Video HDR Gaussian Representation

Updated 22 October 2025

Video HDR Gaussian representation is a learnable encoding that models spatial and temporal radiance using Gaussian primitives to achieve high-fidelity dynamic scene rendering.
It integrates hybrid tone mapping and exposure modeling, bridging HDR to LDR conversion for efficient dual dynamic range synthesis and improved color fidelity.
Parallel rendering and temporal regularization ensure real-time performance and robust HDR reconstruction, enabling photorealistic outputs in dynamic video sequences.

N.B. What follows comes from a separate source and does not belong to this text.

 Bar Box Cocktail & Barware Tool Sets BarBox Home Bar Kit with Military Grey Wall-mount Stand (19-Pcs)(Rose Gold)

A video high dynamic range (HDR) Gaussian representation is an explicit, learnable encoding of dynamic scenes or sequences that models space, (optionally time), and radiance information using Gaussian primitives with support for high dynamic range. This representation is a recent evolution in the intersection of novel view synthesis, video compression, 3D scene modeling, and lighting estimation, offering efficiency and fidelity improvements over previous neural implicit field methods (such as NeRF) and traditional low dynamic range (LDR) encoding. The video HDR Gaussian field captures temporally and spatially varying lighting, enables efficient synthesis of novel HDR frames, and supports photorealistic rendering with real-time capability.

1. Foundational Structure: Gaussian Splatting for HDR Video

Video HDR Gaussian representation leverages the Gaussian Splatting paradigm, in which dynamic scenes are represented as a set of Gaussians—each with spatial means, anisotropic covariance, opacity, and color/radiance attributes. In classical 3DGS, this yields photorealistic rendering at real-time rates. For HDR content, the representation is augmented to efficiently encode the full range of scene radiance:

In (Cai et al., 24 May 2024), HDR-GS introduces a Dual Dynamic Range (DDR) Gaussian model, where each Gaussian holds both an HDR color (modeled as view-dependent spherical harmonics) and a separately tone-mapped LDR color (mapped via an MLP-based per-channel tone-mapper that accounts for exposure).
In (Wu et al., 13 Aug 2024), HDRGS reinterprets the “color” attribute as radiance in the log domain, and includes explicit luminance information, thereby increasing representational “color dimensionality.”
The 3DGS extension to video ((Smolak-Dyżewska et al., 17 Nov 2024), VeGaS) and 2D/4D splatting ((Pang et al., 8 Jul 2025), GSVR; (Bond et al., 8 Jan 2025), GaussianVideo) further parameterize each Gaussian primitive as a function of time, enabling temporal dynamics and frame interpolation.

The core HDR video rendering operation is the forward compositing (alpha blending) of Gaussian splats (projected onto the target frame's image plane), enabling exposure-adaptive synthetic views and real-time, high-fidelity generation.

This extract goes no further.